David Blackwell has passed away

Via Inherent Uncertainty I learned that David Blackwell passed away on July 8th.

Prof. Blackwell’s original paper (with Leo Breiman and Aram Thomasian) on the arbitrarily varying channel was an inspiration to me, and he served on my thesis committee a scant 2 years ago.

I’ll always remember what he told me when I handed him a draft of my thesis. “The best thing about Bayesians is that they’re always right.”

ISIT 2010 : a few more talks

I think I lack the willpower to write up more notes on talks, and there are other things I’d like to blog about, but here are one or two sentences on some other talks that I found interesting… I also enjoyed the energy session on Friday and the talks by Sundeep and Galen on compressed sensing, but time has gotten the better of me. Next time, folks.

Channel Intrinsic Randomness
Matthieu Bloch
This was on extracting random bits from the output of noisy channel. These bits should be independent of the input to the channel. Matthieu uses the enigmatic information spectrum method to get his results — thanks to the plenary lecture I was able to understand it a bit better than I might have otherwise.

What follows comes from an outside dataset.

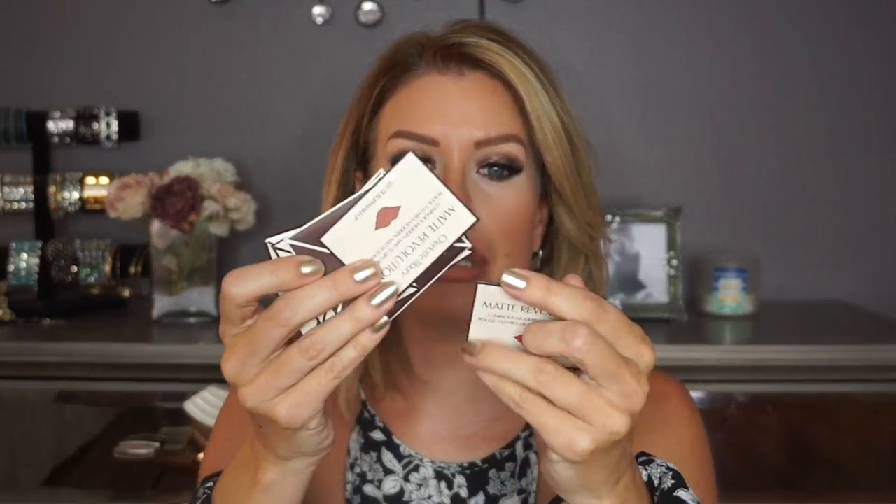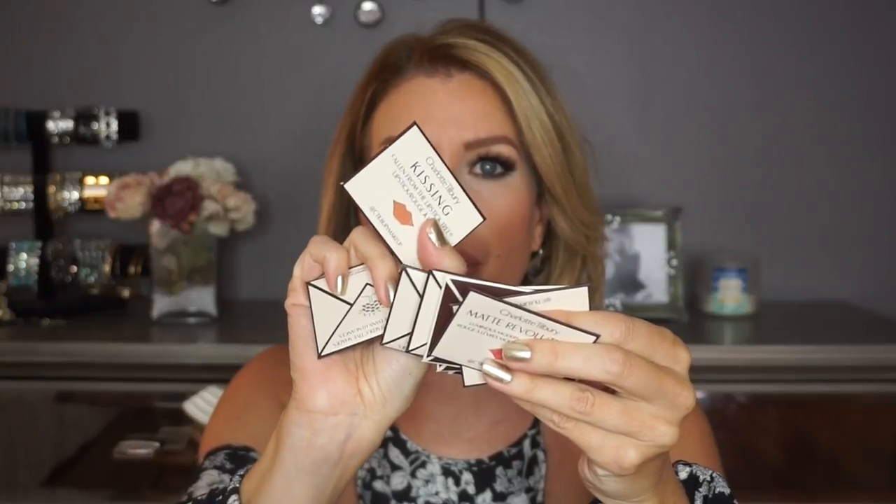Inside you can choose three samples. She includes the Scent of a Dream fragrance for everybody, but since I'm not a fan of that, I chose to receive a sample of the Wonder Glow and the Retoucher. Also included were all of these lipstick samples — they're pretty much just one use, but it's a great way to see all the colors in person. The shipping is a little longer than Beautylish — I ordered last Thursday and it arrived on Tuesday, shipping via FedEx SmartPost.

Assisted Common Information
Vinod Prabhakaran and Manoj Prabhakaran
I was very interested in this talk because I have been thinking of a related problem. Two terminals observe correlated sources X_1^n and Y_1^n respectively. A genie observes both sources and sends messages at rates R_1 and R_2 to the two terminals, who then have to produce variables W_1 and W_2 which have large entropies and are also equal with high probability. This problem is connected to the Gacs-Korner problem and Wyner’s common information problem, and also possibly this recent preprint by Andrej Bogdanov and Elchanan Mossel. They manage to solve it using a novel construction of “monotone regions.”

Patterns and Exchangeability
N. P. Santhanam and M. Madiman
This work grew out of the AIM workshop on permanents. De Finetti’s theorem says an exchangeable process can be built up as a mixture of iid processes. Kingman showed that something called an exchangeable partition process is built up from something he called “paintbox processes.” One thing that we discovered at the workshop was that the pattern process of an iid process is the same as a paintbox process (and vice-versa). The paper then goes through many connections between these processes, certain limits of graphs, and connections to universal compression.

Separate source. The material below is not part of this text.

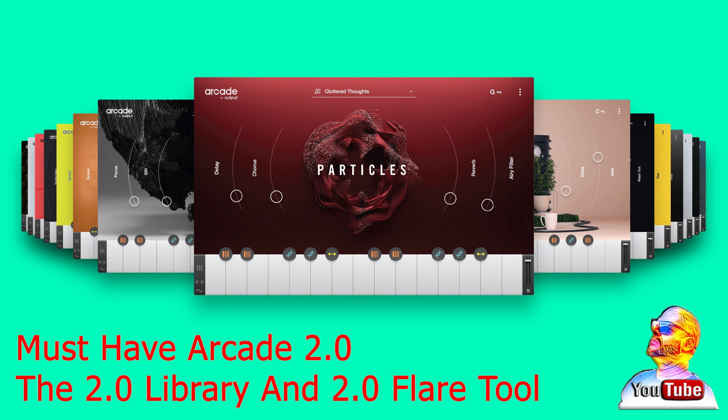This is also very important: you must have the new Arcade 2.0 library that are in zip files, and not in the old ISO format, or the Flare tool will not work. Also, there is no need to unzip the libraries, so keep them in their original state.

Universal Hypothesis Testing in the Learning-Limited Regime
Benjamin G. Kelly, Thitidej Tularak, Aaron B. Wagner, and Pramod Viswanath
This was a really great talk. The problem here is that for each n you get n samples X^n distributed i.i.d. according to p_n or q_n on an alphabet \mathcal{A}_n which can grow with n. Given a new sequence Z^n you have to decide if it was generated according to p_n or q_n. They show a number of results which say that consistency is possible for |\mathcal{A}_n| sublinear in n, impossible for quadratic in n, and other intermediate results. In particular, for well-behaved distributions with |\mathcal{A}_n| = \Theta(n^{\alpha}) and all probabilities are \Theta(n^{-\alpha}), they can get some consistency results, but in particular the generalized likelihood ratio test (GLRT) is inconsistent for \alpha = 1.

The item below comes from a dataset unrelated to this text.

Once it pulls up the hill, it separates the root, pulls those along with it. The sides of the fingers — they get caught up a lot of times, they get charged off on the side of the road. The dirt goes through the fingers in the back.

Feature Extraction for Universal Hypothesis Testing via Rank-Constrained Optimization
Dayu Huang and Sean Meyn
This talk was of interest to me because I have been looking at hypothesis testing problems in connection with election auditing. In universal testing you know a lot about the distribution for one hypothesis, but much less about the other hypothesis. The Hoeffding test is a threshold test on the KL-divergence between the empirical distribution and the known hypothesis. This test is asymptotically optimal but has a high variance when the data is in high dimension. Thus for smaller sample sizes, a so-called mismatched divergence test may be better. In this paper they look at how to tradeoff the variance and the error exponent of the test.